> _Dataset content_:
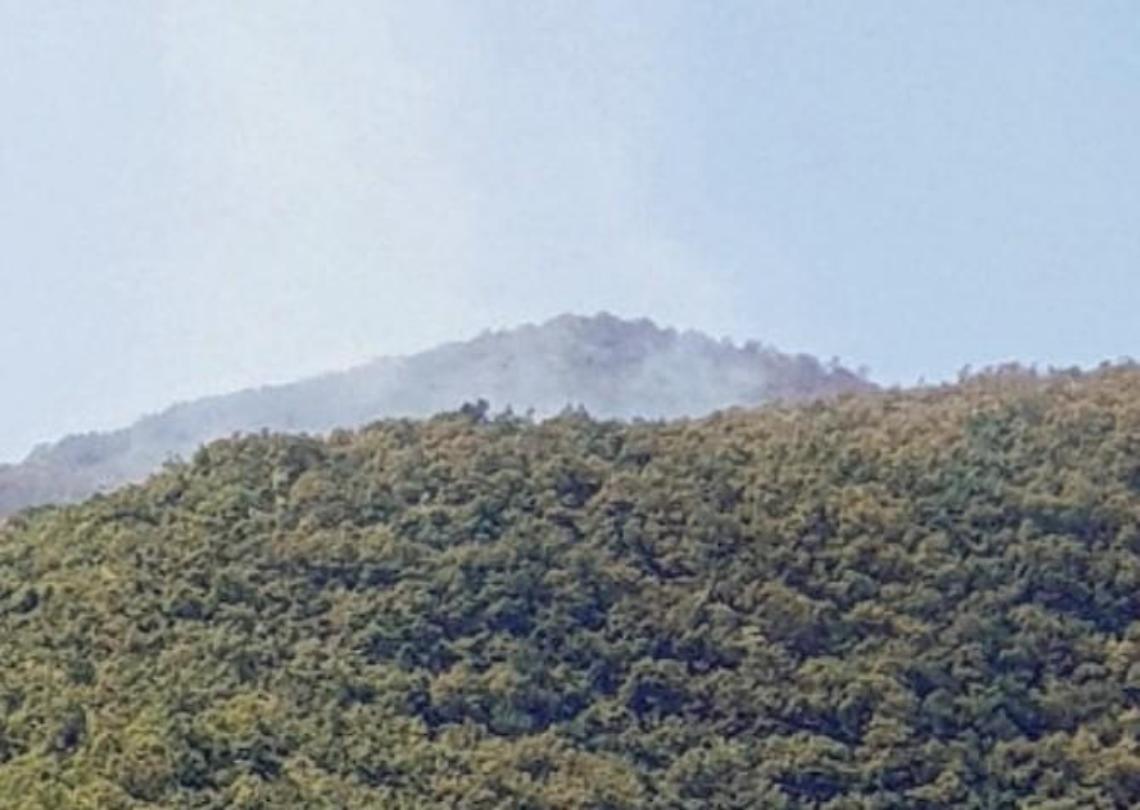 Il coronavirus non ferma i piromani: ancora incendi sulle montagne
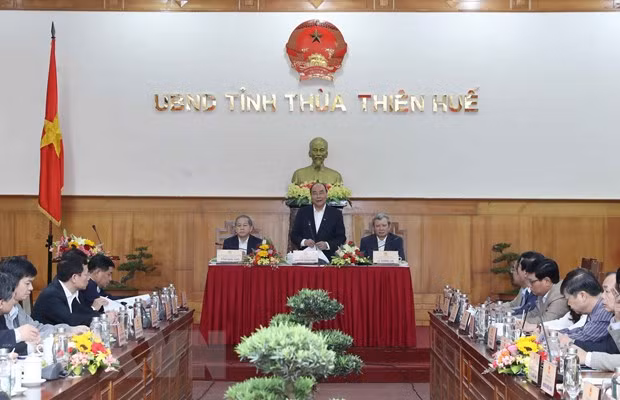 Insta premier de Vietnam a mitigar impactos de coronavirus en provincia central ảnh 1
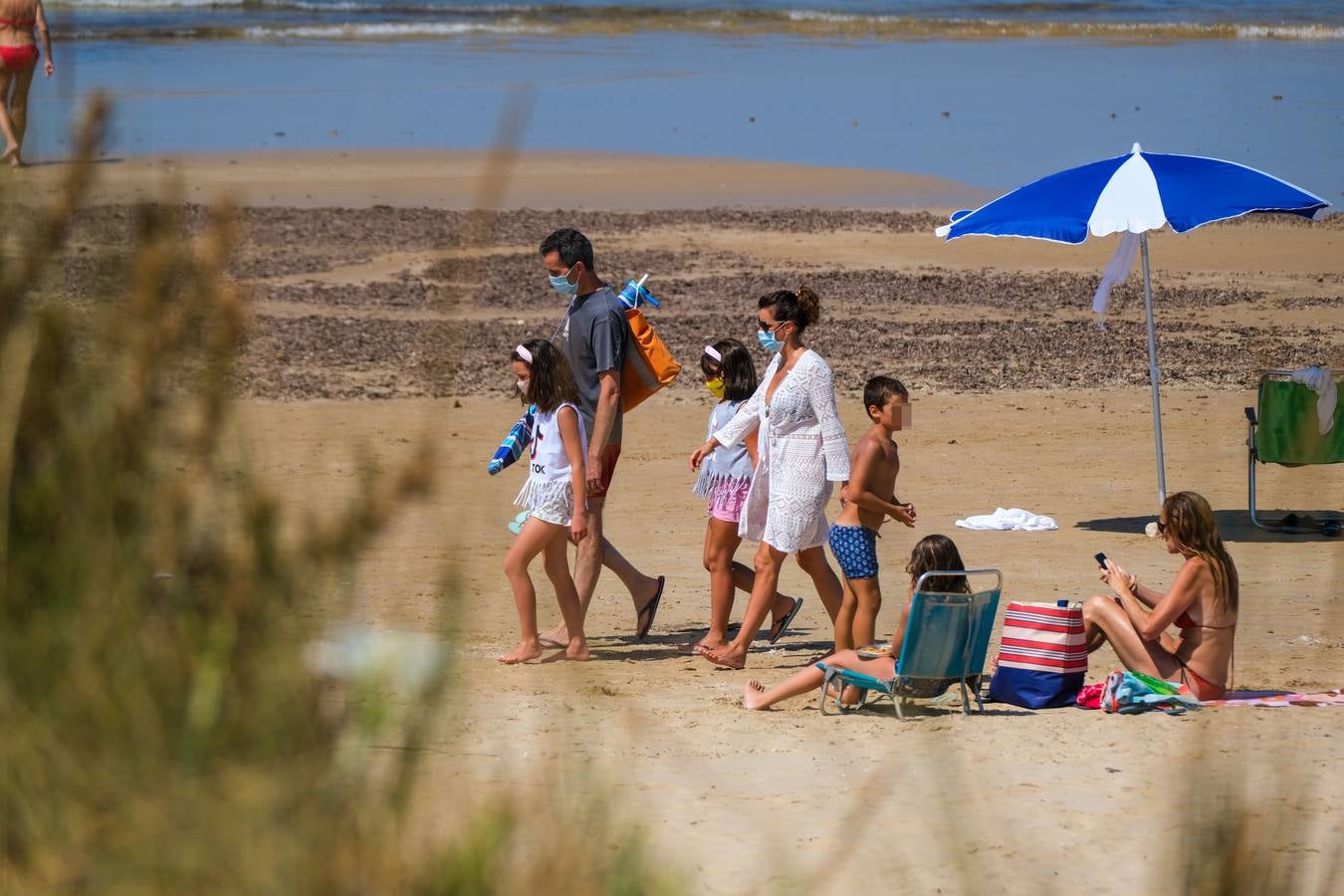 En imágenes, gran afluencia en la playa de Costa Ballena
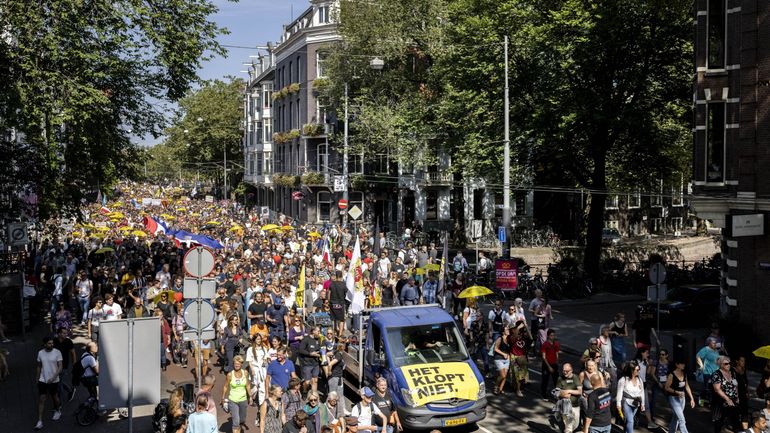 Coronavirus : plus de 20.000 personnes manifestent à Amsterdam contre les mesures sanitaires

> _Task goal_: Reproduce, exactly and with no pictures, the lines from the line containing "Insta premier de" through the closing line of the data above, keeping both ends.

> _Reply to the task_:
 Insta premier de Vietnam a mitigar impactos de coronavirus en provincia central ảnh 1
 En imágenes, gran afluencia en la playa de Costa Ballena
 Coronavirus : plus de 20.000 personnes manifestent à Amsterdam contre les mesures sanitaires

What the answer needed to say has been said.